[ViT] Vision Transformer 구현 -0 Linear Projection of Flattened Pathes

728x90

Vision Transformer를 모듈별로 구현하며 궁금한 점을 기록했다.

Vision Transformer(ViT)의 데이터(이미지) 처리 프로세스를 ChatGPT에게 물어봤다.

입력 이미지에서 패치 추출: 입력 이미지에서 패치를 추출합니다. 일반적으로는 16x16 크기의 패치를 사용합니다. 이는 이미지의 크기에 따라 조정될 수 있습니다.
임베딩: 추출한 각 패치는 먼저 임베딩(embedding)되어 벡터로 변환됩니다. 이를 위해 일반적으로 선형 변환(linear transformation)과 사전 학습된(Pre-trained) 모델을 사용합니다.
위치 임베딩: 임베딩된 패치의 위치 정보를 제공하기 위해 위치 임베딩(Positional embedding)이 추가됩니다. 이는 각 패치의 위치에 대한 고유한 값을 포함하는 벡터입니다.
인코더(Encoder) 블록: 인코더 블록은 여러 개의 셀프 어텐션(self-attention) 및 피드 포워드(feedforward) 레이어를 사용하여 패치를 처리합니다. 이러한 레이어는 입력 패치에 대한 내부 상호 작용과 특성 강화를 통해 패턴을 추출하고, 인코더 출력을 생성합니다.
출력 계층: 인코더의 출력은 분류(classification)를 위한 완전 연결(fully-connected) 또는 소프트맥스(softmax) 레이어로 전달됩니다.
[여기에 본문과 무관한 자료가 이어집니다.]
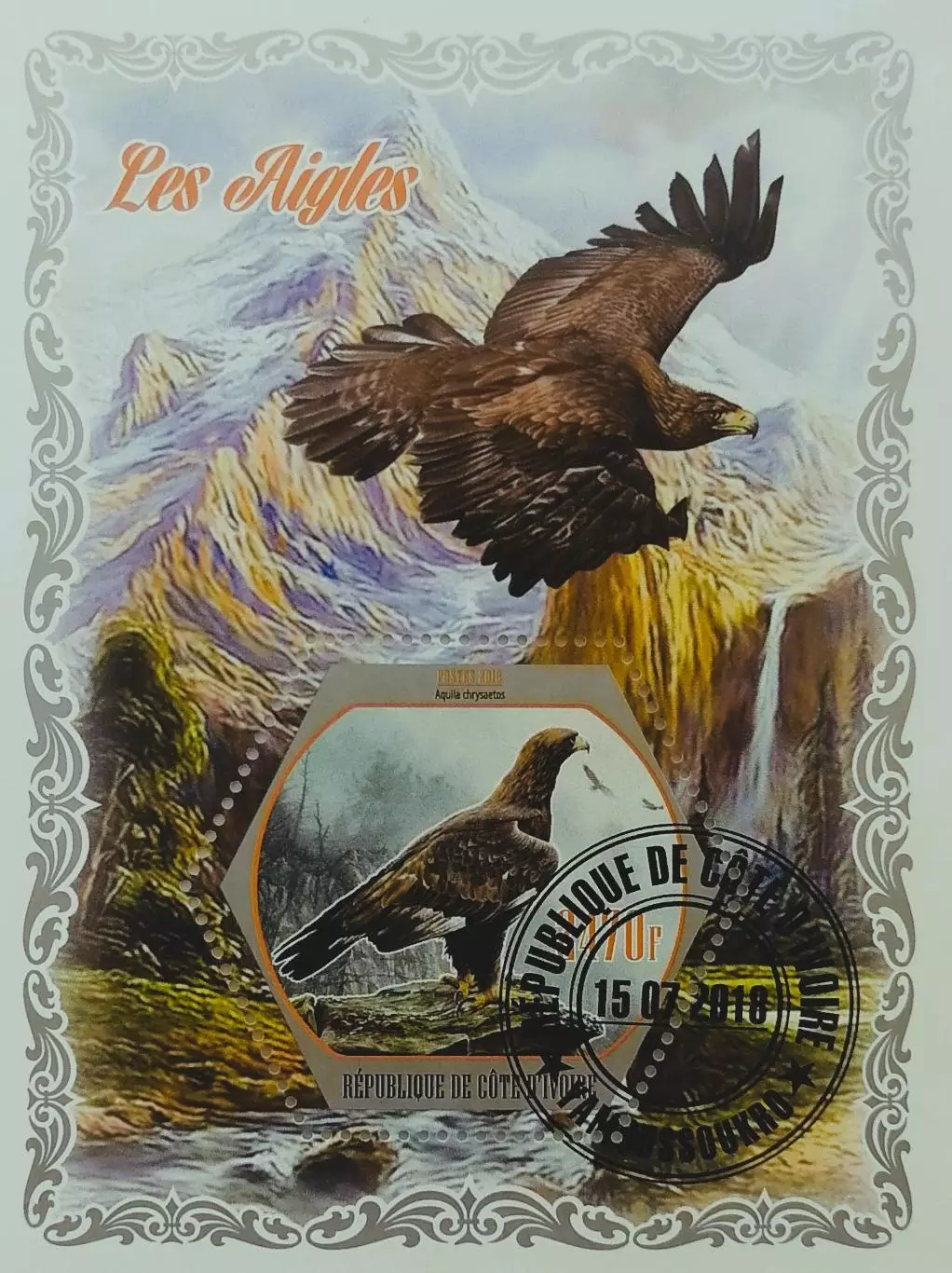 Блок. Кот-д’Ивуар 2018. Фауна. Хищные птицы.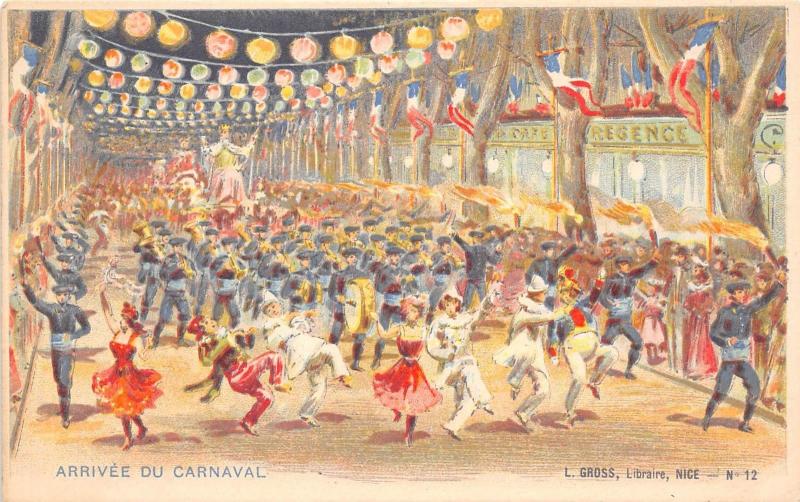D47/ Nice France Foreign Postcard c1910 Carnival Parade Torches 17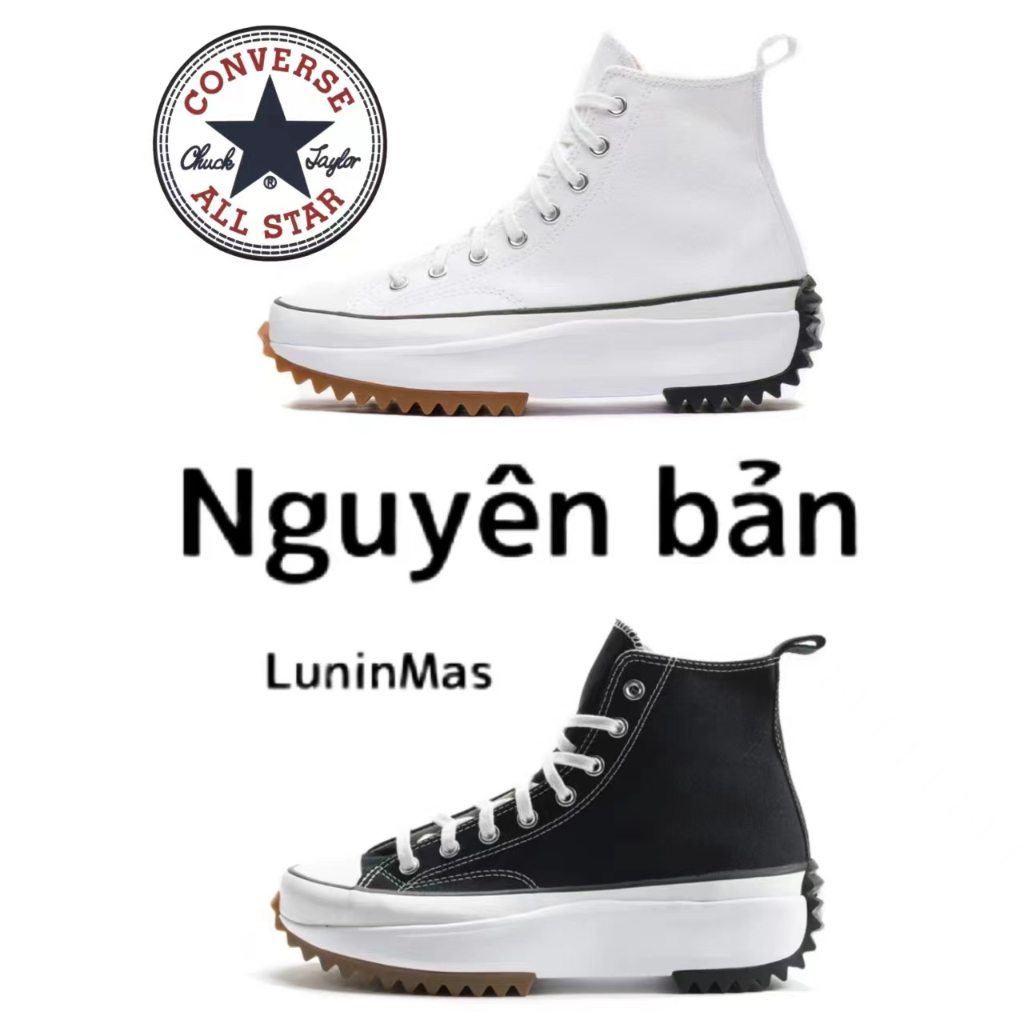 Converse Run Star Hike Hi Black White Gum Keo thô Đen trắng/Trắng Đen Vintage Cao cấp Giày thể thao nam nữ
ViT는 기존 기계 번역 모델인 Transformer 아키텍처를 그대로 사용하며, text가 아닌 image에서 embedding vector를 구하기 위해 패치로 나누고 'Linear Projection of Flattened Pathes' 작업을 거친다.

C : 이미지 channel , N : patch 개수, P : patch 크기(가로,세로)

이때, Projection 연산은 이미지를 일정한 크기로 나눈 patch들을 바로 Flatten 할 수도 있지만 Convolution 연산으로 진행한다.

chatGPT를 활용하여 작성한 코드는 다음과 같다.

class ImageEmbedding(nn.Module):

def __init__(self, image_size, patch_size, emb_size):

super().__init__()

self.patch_size = patch_size

# 이미지 데이터를 패치(patch)로 분할

self.projection = nn.Conv2d(in_channels=3, out_channels=emb_size, kernel_size=patch_size, stride=patch_size)

def forward(self, x):

x = self.projection(x)

# 패치의 형태를 변환

# (batch_size, emb_size, num_patches, num_patches)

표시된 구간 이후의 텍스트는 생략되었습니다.